Thanks to the NAACP, Hallmark was forced to remove from the shelves space-themed cards that used the phrase “black hole.” The group’s professional grievants apparently misheard the second word. No kidding.
Thanks to Barack Obama, the Middle East is more dangerous than ever: “The Gaza flotilla incident might have been a great setback to the radical camp had the United States reacted sharply, defending Israel, condemning the jihadists on board and their sponsors in Turkey, blocking UN Security Council action, and refusing to sponsor another international inquiry that will condemn Israel. And Israel’s interests were not the only ones at stake: The blockade of Gaza is a joint Israeli-Egyptian action to weaken Hamas. But the American position reflects the Obama line: carefully balancing the interests of friend and foe, seeking to avoid offense to our enemies, or, as Churchill famously described British policy in the 1930s, ‘resolved to be irresolute.’ Middle Eastern states, including Arab regimes traditionally allied with the United States, view this pose as likely to get them all killed when enemies come knocking at the door.”
Thanks to Obama, Bobby Jindal has regained a lot of stature. He appears to be what Obama is not — competent, engaged, and proactive.
Thanks to Jon Stewart, Tim Pawlenty gets to show that he has a sense of humor.
Thanks to Leslie Gelb, we are reminded that things can always be worse: Robert Gates departs, Hillary Clinton goes to the Defense Department, and Chuck Hagel goes to the State Department. Oy.
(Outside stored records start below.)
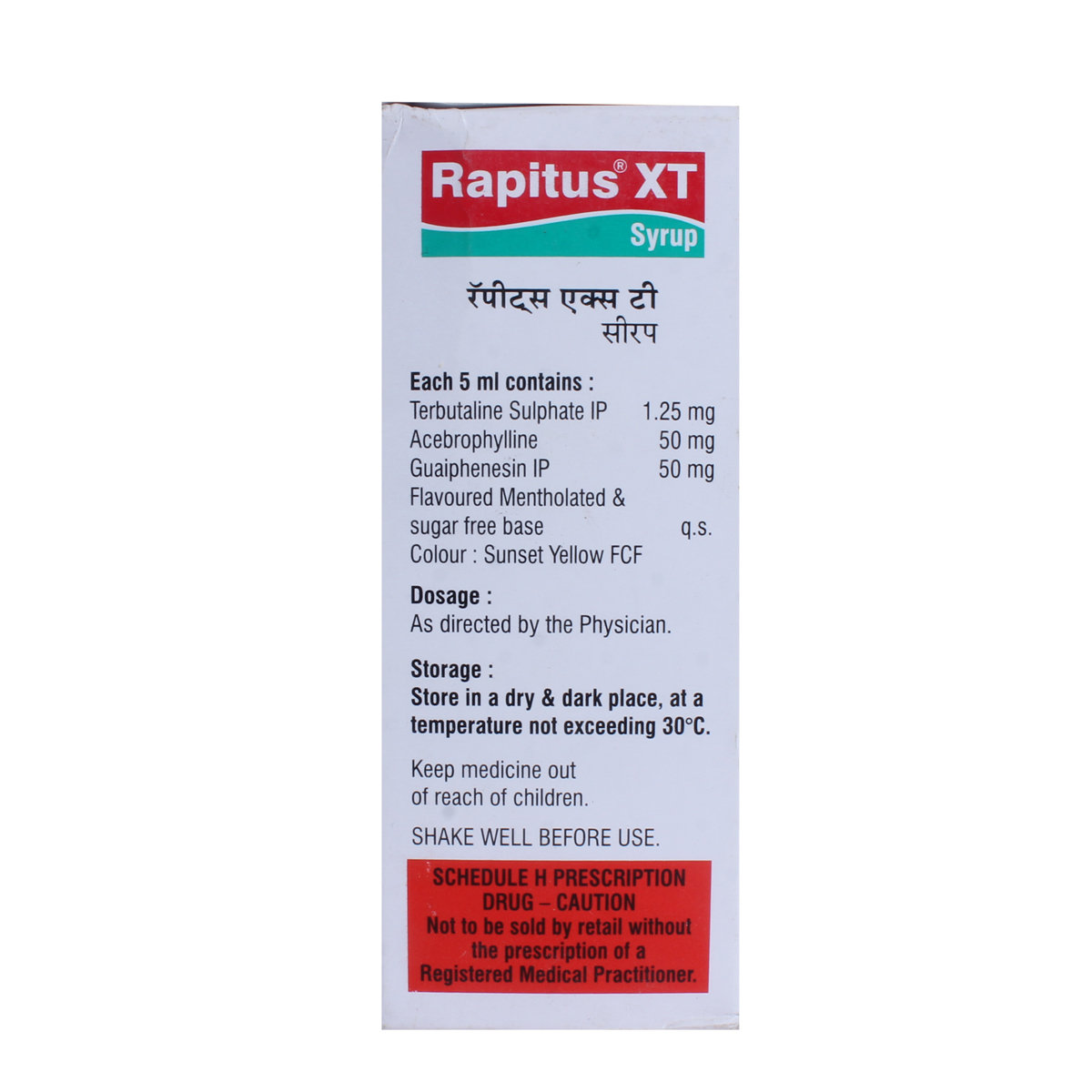 Rapitus-XT Syrup 100 ml, Pack of 1 Syrup Rapitus-XT Syrup 100 ml, Pack of 1 Syrup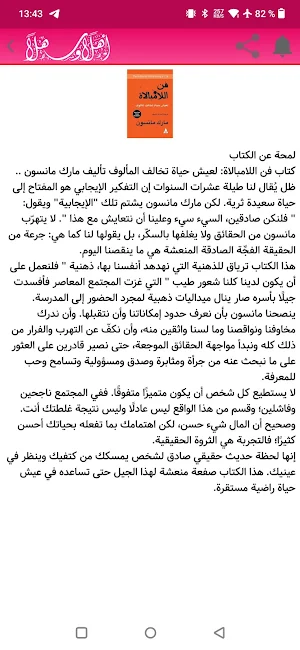 كتاب فن اللامبالاة Screenshot 2
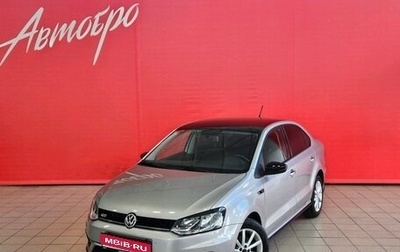 Volkswagen Polo VI (EU Market), 2016 год, 1 249 000 рублей, 1 фотография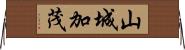 山城加茂 Horizontal Wall Scroll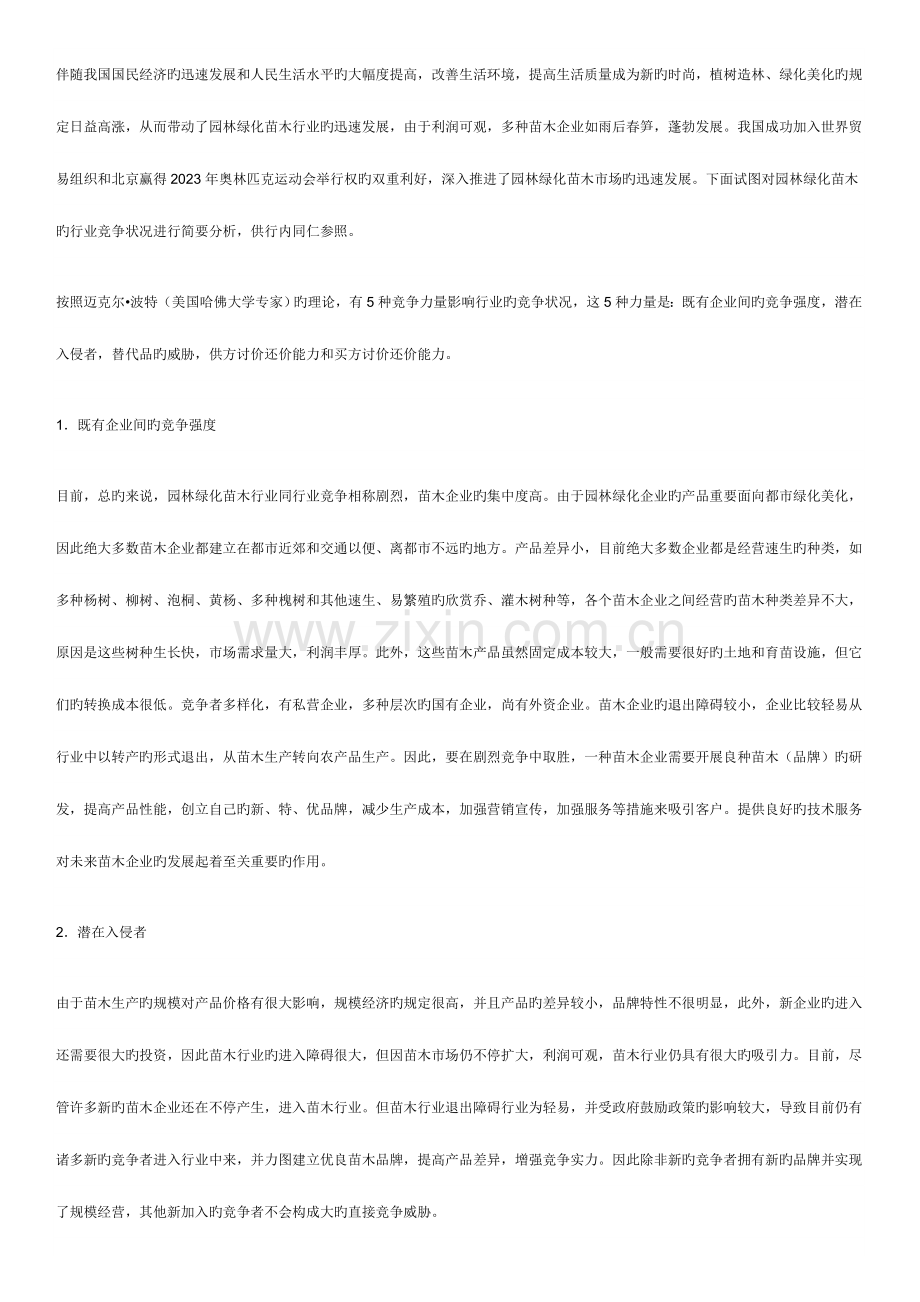 2023年管理学基础形成性考核册答案.doc_第2页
Thanks to Harry Reid and Nancy Pelosi, “a new Rasmussen Reports national telephone survey finds that just 19% of voters think it would be better for the country if most incumbents in Congress were reelected this November. Sixty-five percent (65%) disagree and say it would be better if most were defeated. Sixteen percent (16%) aren’t sure.”
Thanks to Obama, “people close to the president [Harmid Karzai] say he began to lose confidence in the Americans last summer, after national elections in which independent monitors determined that nearly one million ballots had been stolen on Mr. Karzai’s behalf. The rift worsened in December, when President Obama announced that he intended to begin reducing the number of American troops by the summer of 2011.” It’s no surprise, then, that “Mr. Karzai has been pressing to strike his own deal with the Taliban and the country’s archrival Pakistan, the Taliban’s longtime supporter. According to a former senior Afghan official, Mr. Karzai’s maneuverings involve secret negotiations with the Taliban outside the purview of American and NATO officials.”
Thanks to Ben Bernanke, Rep. Gerry Connolly makes a fool of himself and his Republican challenger has a boffo campaign ad.
Thanks to Obama and the Democratic Congress, you’re probably not going to get to keep your health-care plan: “Over and over in the health care debate, President Barack Obama said people who like their current coverage would be able to keep it. But an early draft of an administration regulation estimates that many employers will be forced to make changes to their health plans under the new law. In just three years, a majority of workers—51 percent—will be in plans subject to new federal requirements, according to the draft.”
Thanks to Israel, there is a place in the Middle East where gays are not persecuted: “Tel Aviv embraced Israel’s GLBT community Friday as it hosted the 13th annual gay parade.Dozens of policemen and civilian police watched on as thousands marched, dancing and waving rainbow flags.”
Thanks to the economic-policy wizardry of the Obama administration: “U.S. consumers unexpectedly ratcheted back spending on everything from cars to clothing in May, adding to concerns that a volatile stock market and high unemployment are increasingly weighing down the economic recovery. The Commerce Department reported Friday that sales at retail establishments — including department stores, gas stations and restaurants — fell 1.2% in May from the previous month. The decline, driven by sharp drops in autos and building materials, was the first and largest since September 2009, when sales fell 2.2%.”